Without Anthony Davis, the Los Angeles Lakers are in a tough predicament.
One thing an injury to a superstar like him does, beyond the direct impact of missing his production and presence, is causing a ripple effect in terms of how a coach has to tweak rotations.
The Lakers have a lack of frontcourt depth and functional size, and it has caused head coach Darvin Ham to have to make some difficult decisions. However, it looks like he has gone too far.
In Davis’ absence, Thomas Bryant has continued to play very well. On Sunday versus the Dallas Mavericks, he had eight points and three rebounds through three quarters, which was relatively modest production for him compared to what he has done lately.
But after he subbed out with 4:04 left in the third quarter, he never returned. Some speculated that his shoulder, which was hit hard on Friday against the Charlotte Hornets, was acting up, but that wasn’t the reason.
Ham decided to go with an extremely small lineup in the fourth quarter.

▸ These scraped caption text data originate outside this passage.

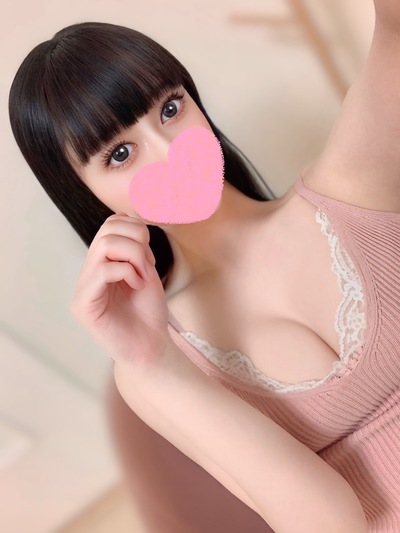 まりあ(D)さんの写真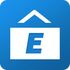 ��������°�appv4.6.3��׿��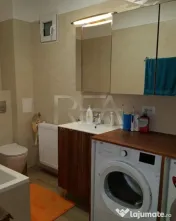 3 camere - 84mp - Lacul Morii - Parcare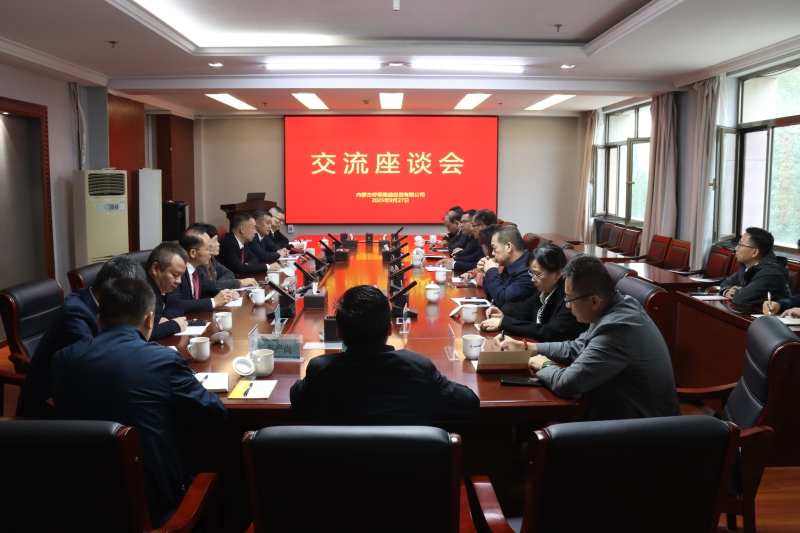 首页| G22恒峰集团中国官方网站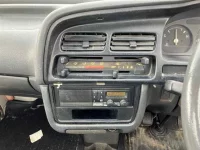 Suzuki CARRY TRUCK лот № 90129 оценка 3.5  с аукциона в Японии 5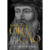 Tratado Sobre a Oração - John Knox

In fact, when LeBron James took his customary rest midway through the period, at one point 6-foot-5 Austin Reaves was the tallest player they had in the game.
After the game, Ham explained his reasoning behind that vertically challenged lineup.
“Just trying to get more possessions in the game. When you go small like that, any of those guys can get a defensive rebound and push it, and you’re trying to play fast, trying to attack downhill, trying to put the other team on their heels, you put them in a position where they’re fouling and you use the free throw line to try to help you get back into a game or sustain a lead.”
Yes, the Lakers needed to speed up the pace of the game, but playing very small lineups like that won’t get it done, at least not with this roster.
The Lakers have had problems playing small lineups going back to last season
During the 2021-22 season, then-head coach Frank Vogel employed lots of three and even four-guard lineups, and it helped result in the Lakers being one of the NBA’s worst defensive teams.
Such lineups make it hard for L.A. to rotate over to players, especially near the rim and beyond the 3-point line, while putting enough size and length on them to force misses or at least dissuade them from shooting the ball.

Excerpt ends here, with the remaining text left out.